## The task
Pictures do not belong in the copy; transcribe everything else in the records exactly.

## Data in this exercise
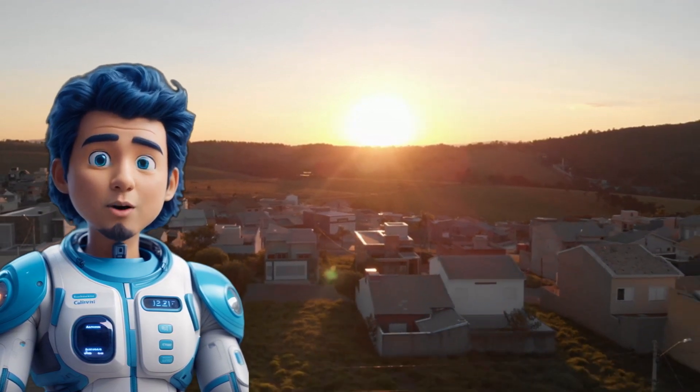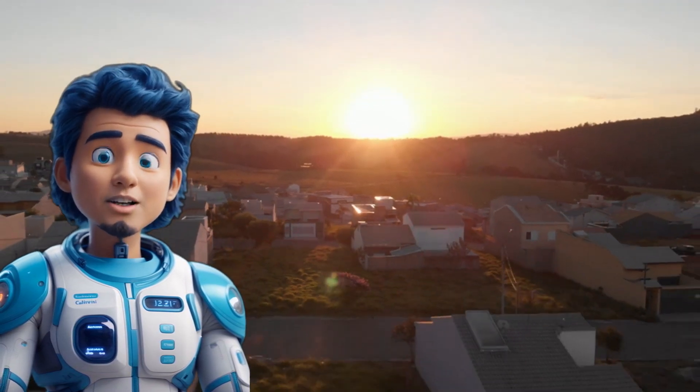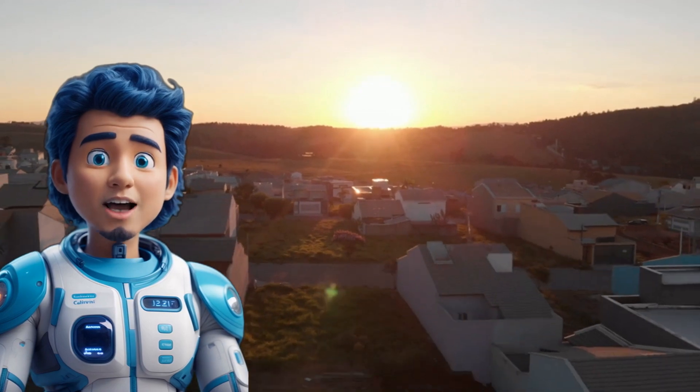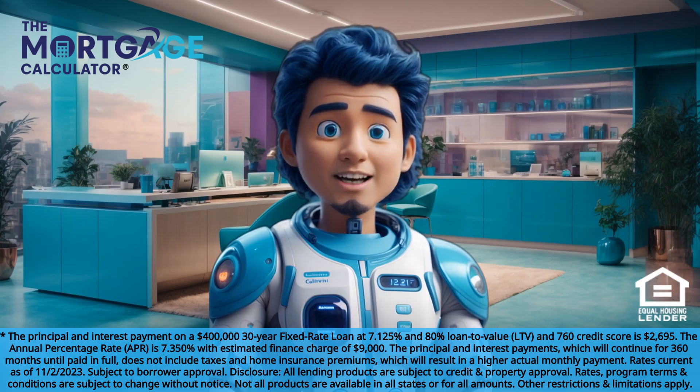Ready to expand your real estate portfolio? Click the link below to apply now to refinance two or more non-owner occupied investment properties and take the next step in building your real estate empire. Contact us today or visit our website to learn how the mortgage calculator can guide you home.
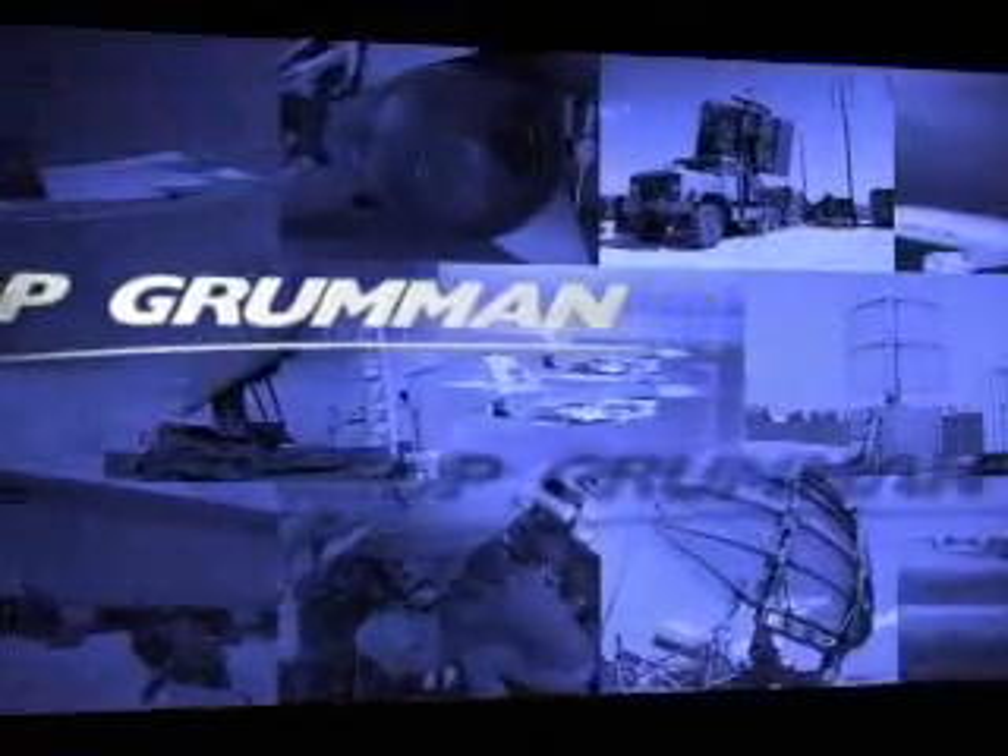Northrop Grumman Electronic Systems has established its world-class reputation through decades of performance and growth. We're known best for our radar and electronic warfare heritage, technology that traces back to the first land-based radar at Pearl Harbor. Through leaps in technology, our active electronically scanned array radars are fourth generation success stories deployed all over the world.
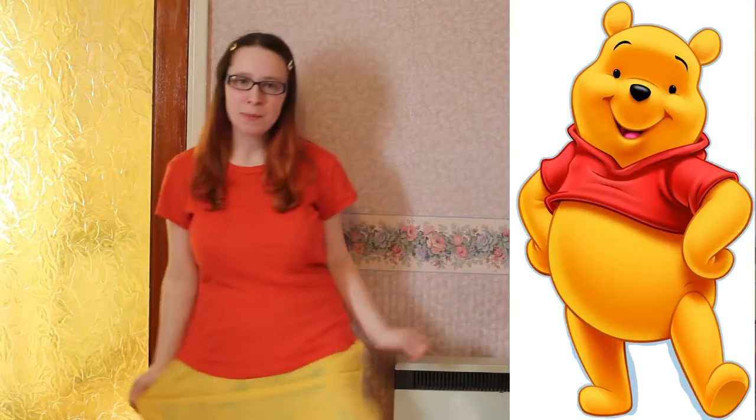Hey guys, it's Danger Devs — the opposite of danger — and today I'm doing my first DIY fashion and I'm dressed up as Wayne the Pooh.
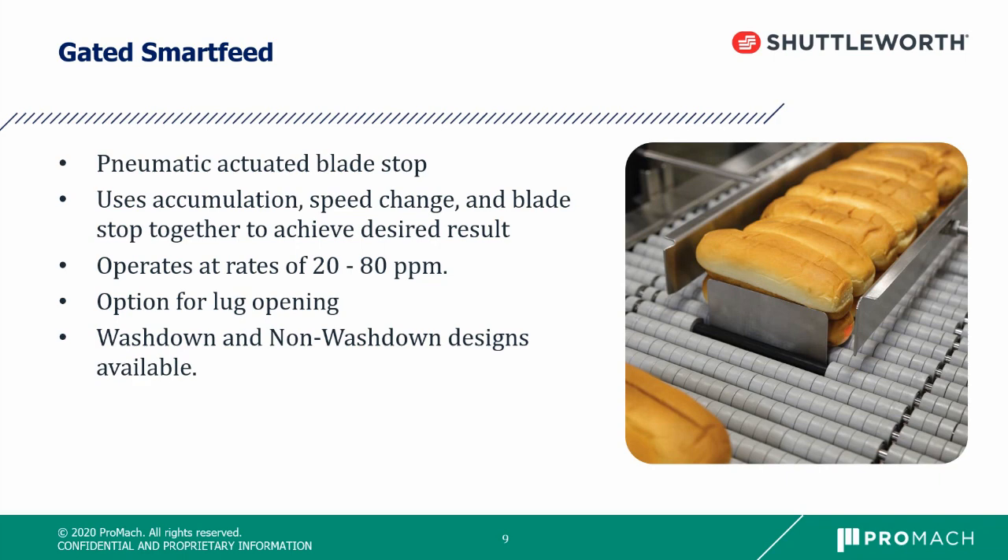The way this smart feed works is that products accumulate behind the blade stop. Once accumulated, the blade stop lowers into the surface and a speed change pulls a gap between the first product and all the others, sending just one product downstream into the flighted or lugged end feed. Once the sensor sees the gap, it rises the stop back up so just one product is released downstream. This process repeats to achieve the desired result, operating at a rate of about 20 to 80 parts per minute. We can option a lug opening so that the wrapper or case packer lugged end feed integrates into the Shuttleworth surface for a smooth seamless transition. This is available in wash down and non-wash down designs.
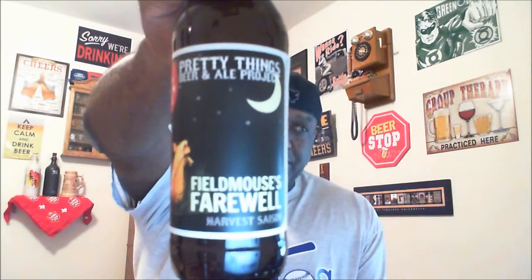YouTube Rod Jay here to take a look at another beer — thanks for swinging by to check out another video. I'm going to take a look at another one, which is my last one from Pretty Things out of Massachusetts. This is their Field Mouse's Farewell.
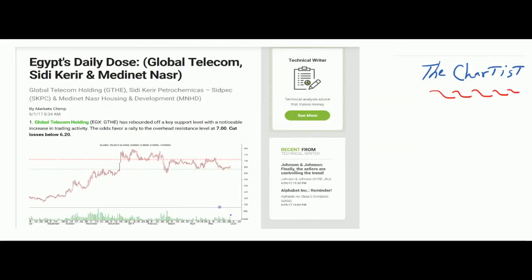Hello everyone. In today's episode we want to check the technical structure of Global Telecom Holding. The stock is trading in the Egyptian Stock Exchange and its symbol is GTH. Before checking the recent price action, we want to go through our earlier calls and recommendations on the stock.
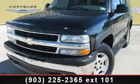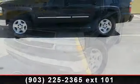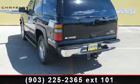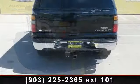Arrive in style with this 2005 Chevrolet Tahoe Lieutenant — this may be the set of wheels you've been looking for. This vehicle comes with a reliable 8-cylinder engine connected to a smooth-shifting automatic transmission.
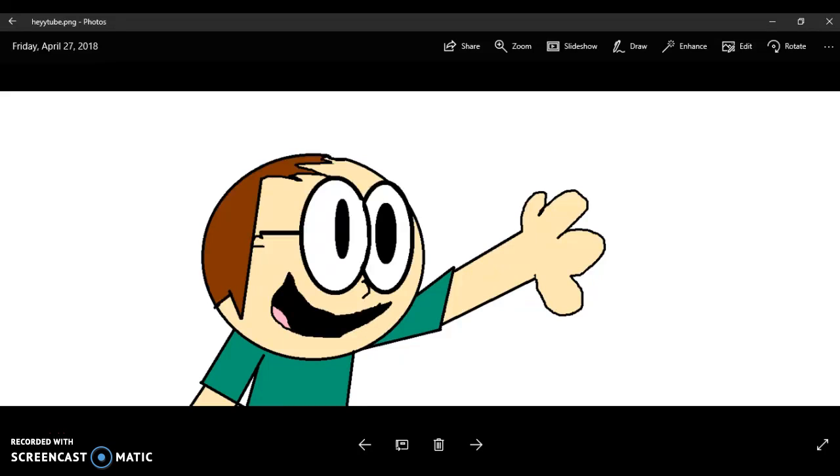Hello, YouTube! It is me, Isaac here, back again with, surprisingly, another YouTube video.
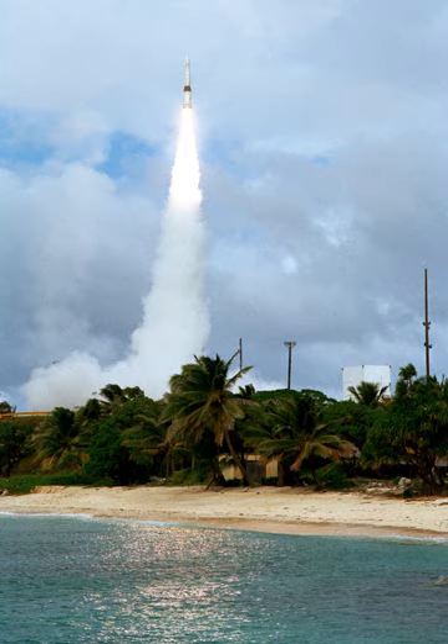The Reagan Test Site is under the command of the U.S. Army Kwajalein Atoll, or USAKA.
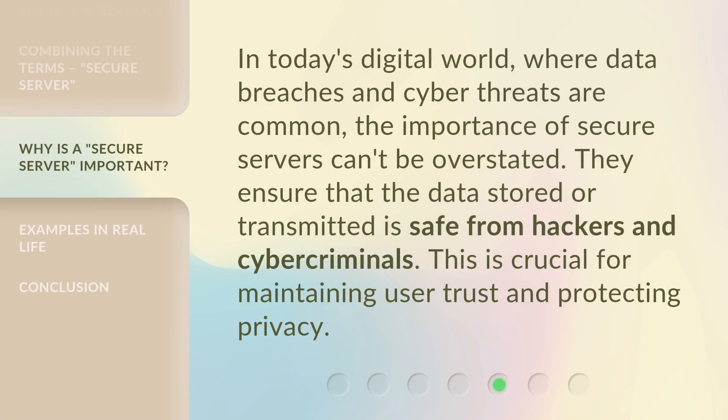In today's digital world, where data breaches and cyber threats are common, the importance of secure servers can't be overstated. They ensure that the data stored or transmitted is safe from hackers and cyber criminals. This is crucial for maintaining user trust and protecting privacy.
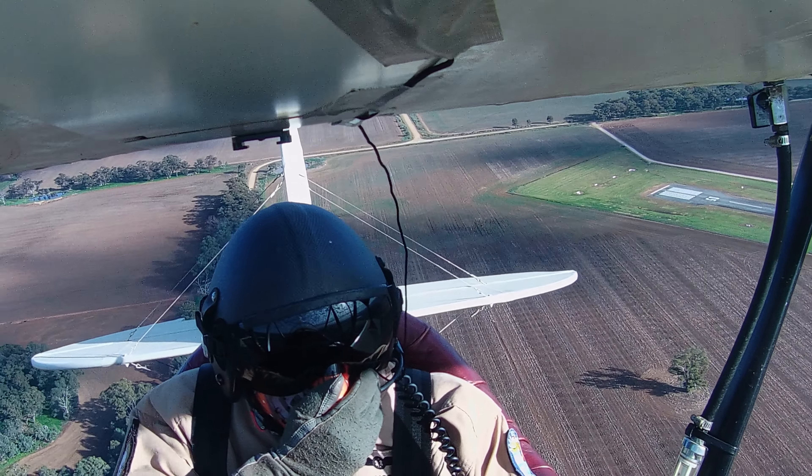4057 downwind runway 27 for a touch and go. Actually, I'll just make this one circuit — I'll just be a full stop one.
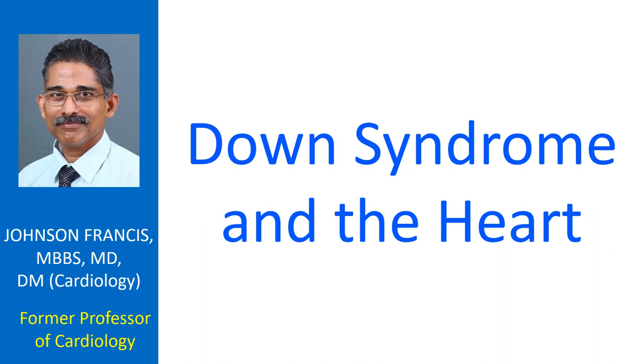Down syndrome day is on the 21st of March every year. The day has been chosen as the 21st day of the third month to symbolise Trisomy 21, the genetic defect underlying Down syndrome.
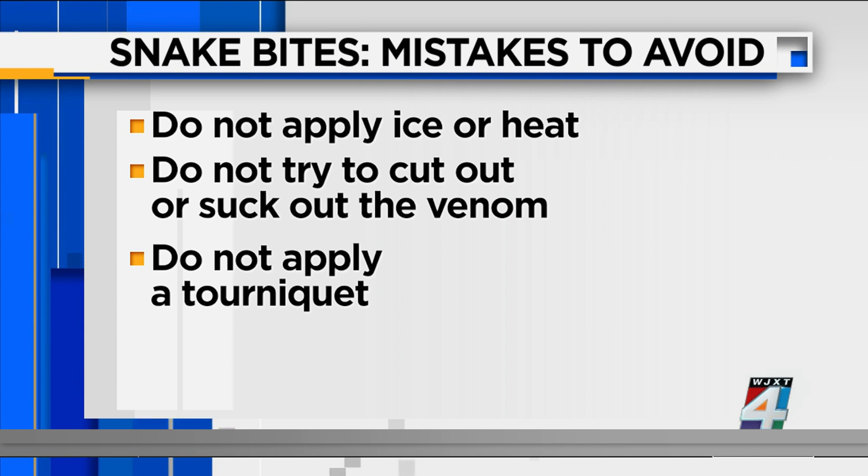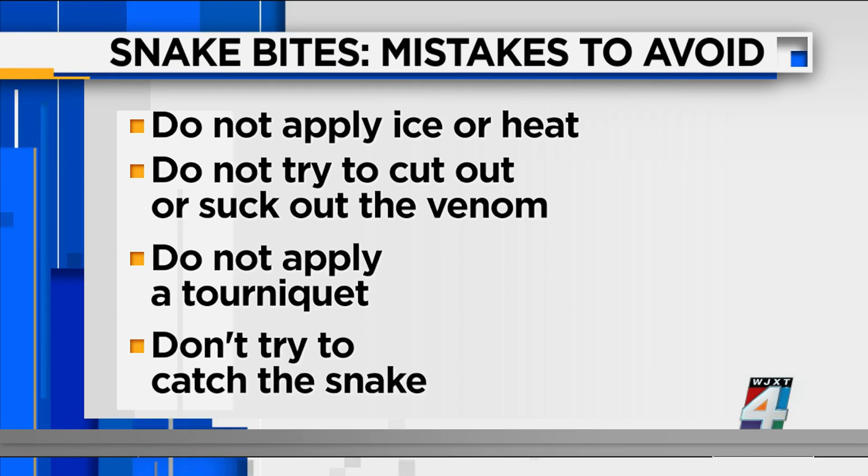And finally, don't try to catch the snake — two bites are certainly worse than one. I know you've probably heard that it helps if the attending physician in the emergency room knows what kind of snake bit you, but the reality is they have anti-venom on hand and they can help you. So don't worry about trying to catch that snake.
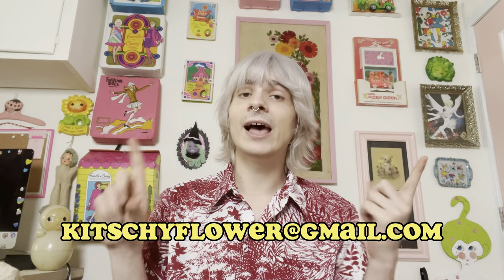So you guys, that has been my first ever video sale! Big shout out again to Catherine Young for giving me the idea. I've had a really fun time doing this. Whoever is the first one to leave a comment claiming an item, email me at kitschyflower at Gmail with your full name, YouTube name, full address, and PayPal email. If you don't have a PayPal account, just click on the invoice I send you and check out as a guest — you don't have to sign in or anything.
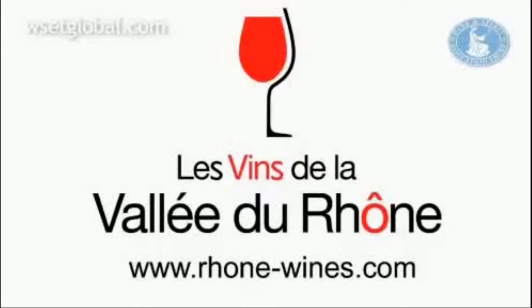For more information, visit the region's website at rhone-wines.com. Cheers.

## Expected answer
Ready to expand your real estate portfolio? Click the link below to apply now to refinance two or more non-owner occupied investment properties and take the next step in building your real estate empire. Contact us today or visit our website to learn how the mortgage calculator can guide you home.
Northrop Grumman Electronic Systems has established its world-class reputation through decades of performance and growth. We're known best for our radar and electronic warfare heritage, technology that traces back to the first land-based radar at Pearl Harbor. Through leaps in technology, our active electronically scanned array radars are fourth generation success stories deployed all over the world.
Hey guys, it's Danger Devs — the opposite of danger — and today I'm doing my first DIY fashion and I'm dressed up as Wayne the Pooh.
The way this smart feed works is that products accumulate behind the blade stop. Once accumulated, the blade stop lowers into the surface and a speed change pulls a gap between the first product and all the others, sending just one product downstream into the flighted or lugged end feed. Once the sensor sees the gap, it rises the stop back up so just one product is released downstream. This process repeats to achieve the desired result, operating at a rate of about 20 to 80 parts per minute. We can option a lug opening so that the wrapper or case packer lugged end feed integrates into the Shuttleworth surface for a smooth seamless transition. This is available in wash down and non-wash down designs.
YouTube Rod Jay here to take a look at another beer — thanks for swinging by to check out another video. I'm going to take a look at another one, which is my last one from Pretty Things out of Massachusetts. This is their Field Mouse's Farewell.
Hello everyone. In today's episode we want to check the technical structure of Global Telecom Holding. The stock is trading in the Egyptian Stock Exchange and its symbol is GTH. Before checking the recent price action, we want to go through our earlier calls and recommendations on the stock.
Arrive in style with this 2005 Chevrolet Tahoe Lieutenant — this may be the set of wheels you've been looking for. This vehicle comes with a reliable 8-cylinder engine connected to a smooth-shifting automatic transmission.
Hello, YouTube! It is me, Isaac here, back again with, surprisingly, another YouTube video.
The Reagan Test Site is under the command of the U.S. Army Kwajalein Atoll, or USAKA.
In today's digital world, where data breaches and cyber threats are common, the importance of secure servers can't be overstated. They ensure that the data stored or transmitted is safe from hackers and cyber criminals. This is crucial for maintaining user trust and protecting privacy.
4057 downwind runway 27 for a touch and go. Actually, I'll just make this one circuit — I'll just be a full stop one.
Down syndrome day is on the 21st of March every year. The day has been chosen as the 21st day of the third month to symbolise Trisomy 21, the genetic defect underlying Down syndrome.
And finally, don't try to catch the snake — two bites are certainly worse than one. I know you've probably heard that it helps if the attending physician in the emergency room knows what kind of snake bit you, but the reality is they have anti-venom on hand and they can help you. So don't worry about trying to catch that snake.
So you guys, that has been my first ever video sale! Big shout out again to Catherine Young for giving me the idea. I've had a really fun time doing this. Whoever is the first one to leave a comment claiming an item, email me at kitschyflower at Gmail with your full name, YouTube name, full address, and PayPal email. If you don't have a PayPal account, just click on the invoice I send you and check out as a guest — you don't have to sign in or anything.
For more information, visit the region's website at rhone-wines.com. Cheers.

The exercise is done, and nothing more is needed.